WHAT YOU NEED TO DO. Will you output all of the data below exactly, omitting the images?
*** Opening of DATA EXTRACT ***
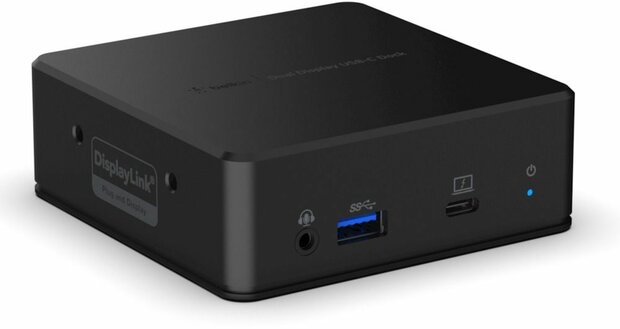 Docking station : USB-C, HDMI, GigE, 135 Watt (dual-display)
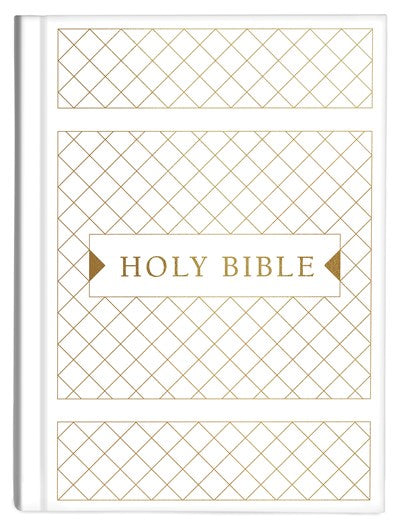 KJV Cross Reference Study Bible White Diamond (Red Letter Ed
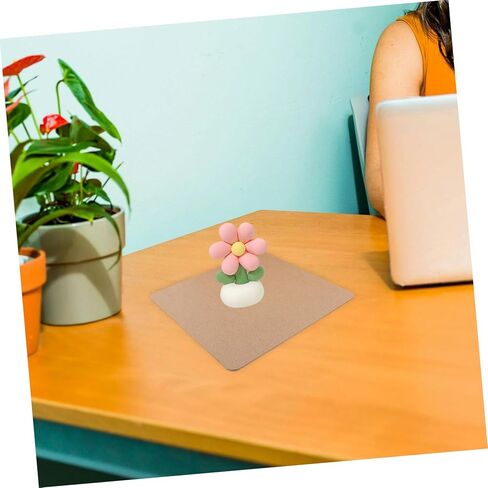 LIFKOME 10pcs Blank Wood Clay Board for Pottery Crafting for Projects and Clay Making and Lightweight Pottery Backing in Saudi Arabia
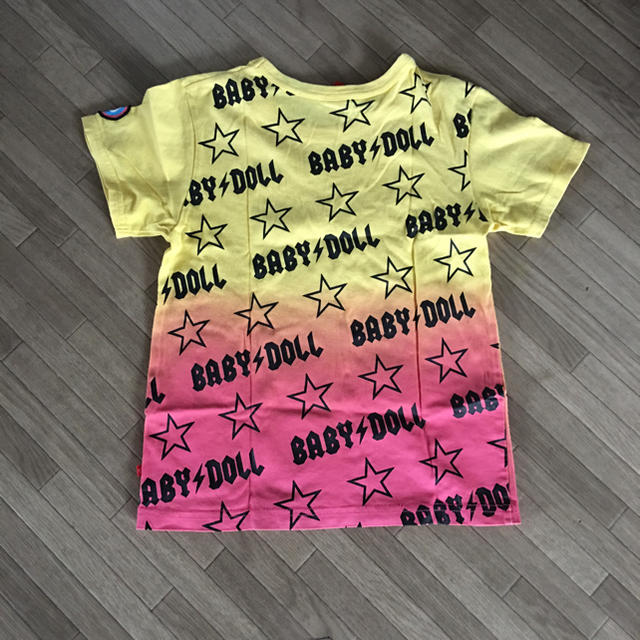 BABYDOLL(ベビードール)のBABY DOLL  セットアップ キッズ/ベビー/マタニティのキッズ服女の子用(90cm~)(Tシャツ/カットソー)の商品写真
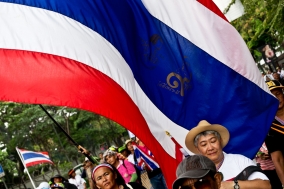 BKK Demo and Lumpinipark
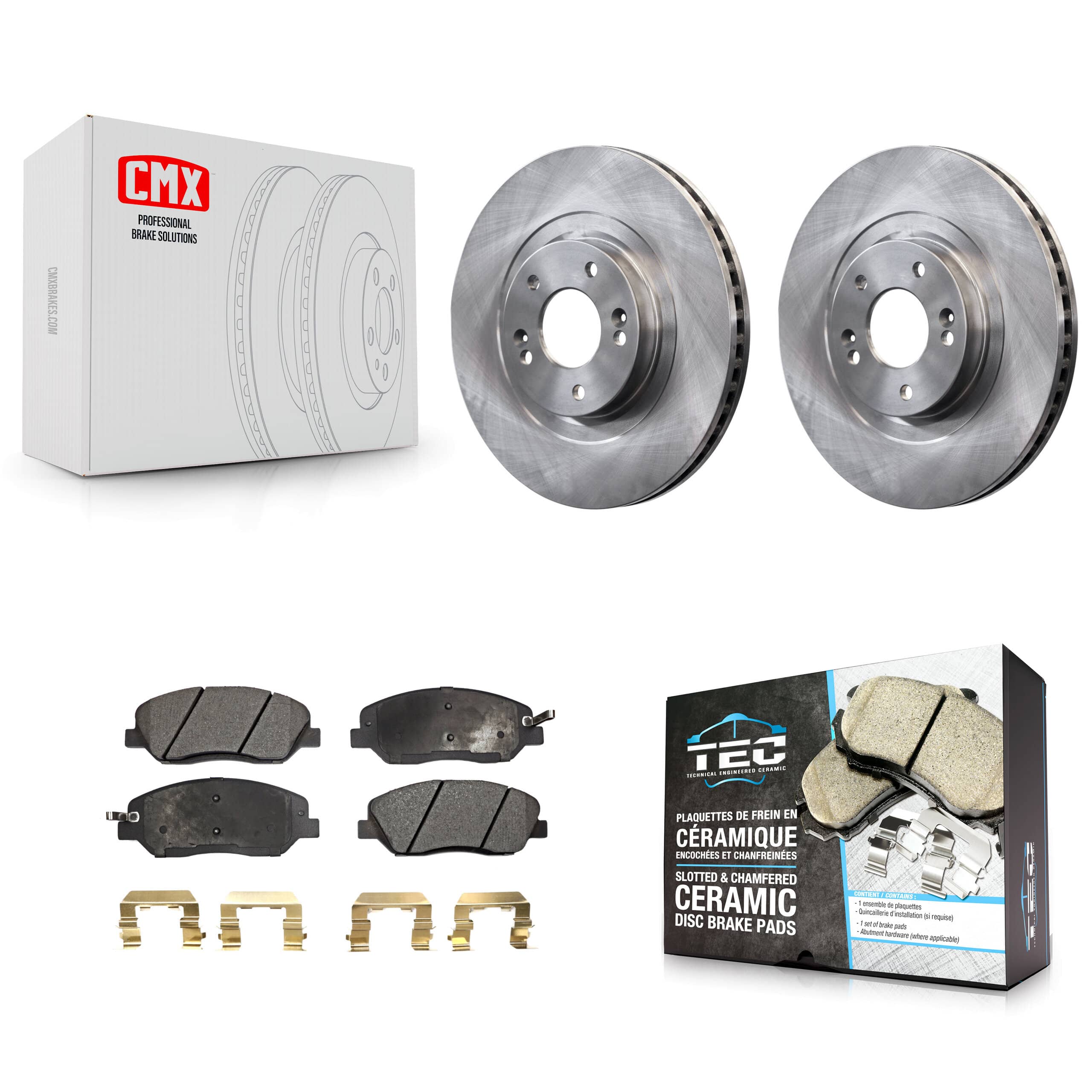 Transit Auto - K8T-100654 - Front Disc Brake Kits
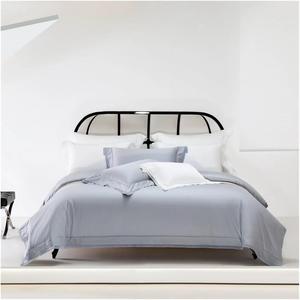 YUSIWOAL Комплект постельного белья из египетского хлопка Pima Cotton 1200TC с французским кружевом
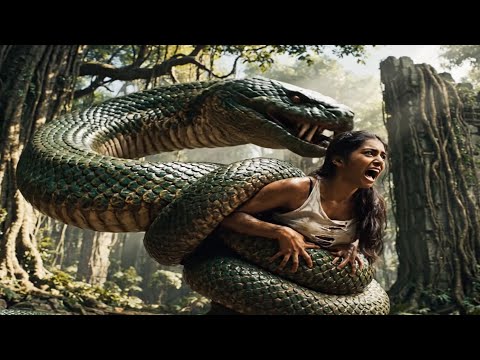 KING KONG vs GIANT SERPENT 🐍 | Epic Mountain Battle in the Storm ⚡ | Cinematic Action Scene”
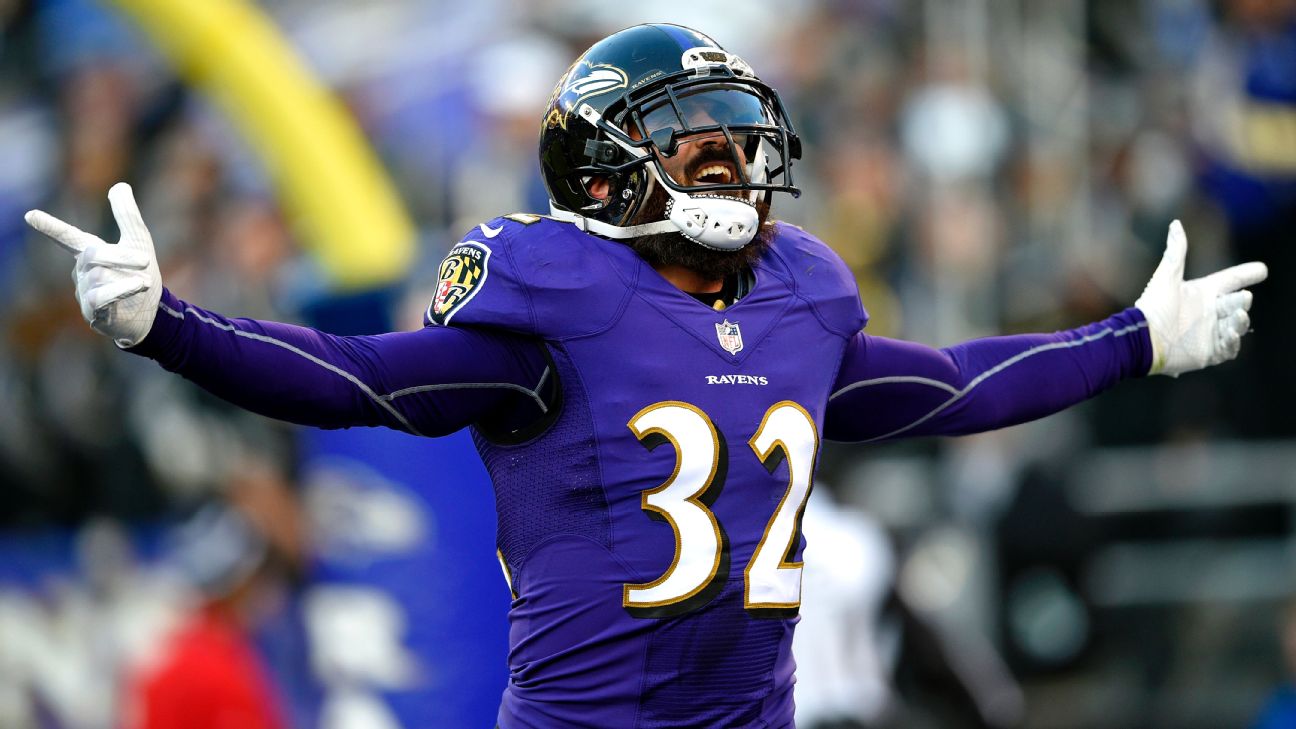 Eric Weddle Open to Playing Elsewhere Next Season If Ravens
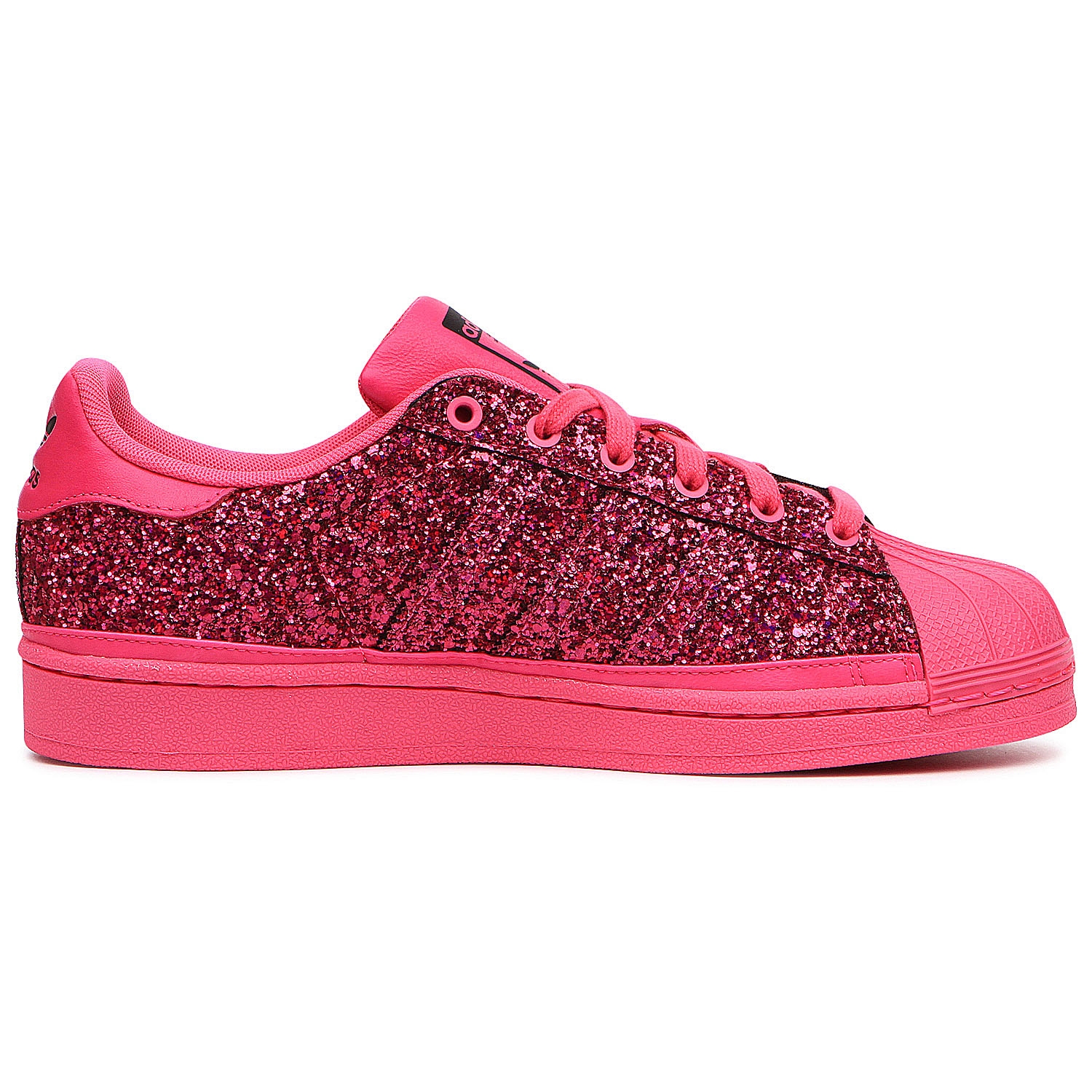 adidas Originals SUPERSTAR SHOCK PINK / COLLEGIATE PURPLE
*** Close of DATA EXTRACT ***
REPLY.
 Docking station : USB-C, HDMI, GigE, 135 Watt (dual-display)
 KJV Cross Reference Study Bible White Diamond (Red Letter Ed
 LIFKOME 10pcs Blank Wood Clay Board for Pottery Crafting for Projects and Clay Making and Lightweight Pottery Backing in Saudi Arabia
 BABYDOLL(ベビードール)のBABY DOLL  セットアップ キッズ/ベビー/マタニティのキッズ服女の子用(90cm~)(Tシャツ/カットソー)の商品写真
 BKK Demo and Lumpinipark
 Transit Auto - K8T-100654 - Front Disc Brake Kits
 YUSIWOAL Комплект постельного белья из египетского хлопка Pima Cotton 1200TC с французским кружевом
 KING KONG vs GIANT SERPENT 🐍 | Epic Mountain Battle in the Storm ⚡ | Cinematic Action Scene”
 Eric Weddle Open to Playing Elsewhere Next Season If Ravens
 adidas Originals SUPERSTAR SHOCK PINK / COLLEGIATE PURPLE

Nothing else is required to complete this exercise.